Backtracking
How to search a combinatorial space by building solutions step-by-step, pruning dead branches early — the engine behind N-Queens, Sudoku, and constraint satisfaction.
What you'll learn
- What backtracking is: DFS over a decision tree with undo on failure
- How the choose-explore-unchoose template applies to every backtracking problem
- Why pruning is the difference between tractable and exponential blowup
- How constraint satisfaction and combinatorial search appear in data and ML workflows
Before you start
Backtracking is the idea that you can build a solution one piece at a time, and whenever a partial solution cannot possibly lead to a valid complete solution, you stop and try something else.
It is depth-first search over a decision tree — a tree where each level represents one choice to make and each branch represents one option — where each node represents a partial state, each edge represents one choice, and the leaves are either valid complete solutions or dead ends.
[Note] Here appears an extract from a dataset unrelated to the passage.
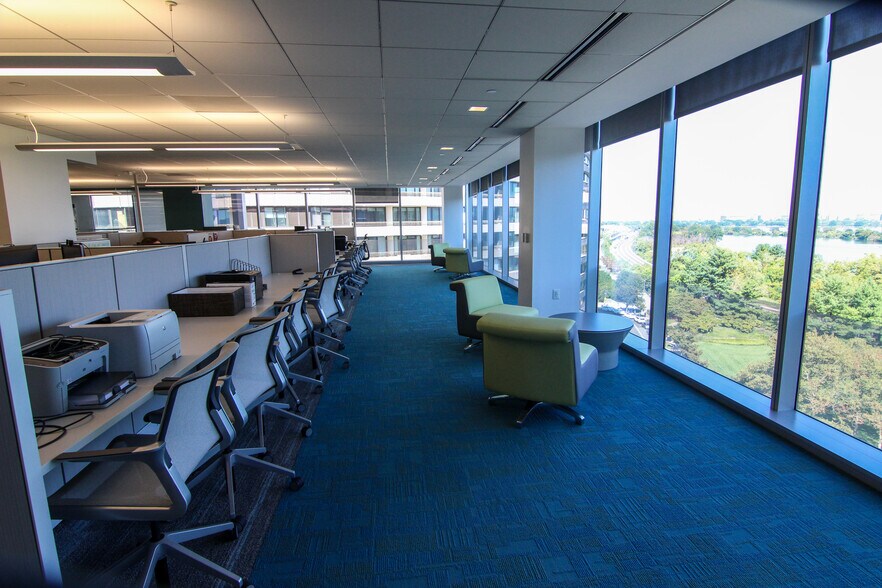 More Photos Of 1400 Crystal Dr, Arlington Office For Lease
The “backtrack” step is simply undoing the last choice and moving to the next sibling edge.
The decision tree picture
Suppose you want all subsets of {A, B, C}. At each position you make a binary choice — include the element or skip it.
[]
/ \
[A] []
/ \ / \
[A,B] [A] [B] []
/ \ / \ / \ / \
[A,B,C][A,B][A,C][A] [B,C][B] [C] []Traversing this tree depth-first and collecting the leaves gives all 8 subsets. For permutations the branching factor is larger, but the structure is identical.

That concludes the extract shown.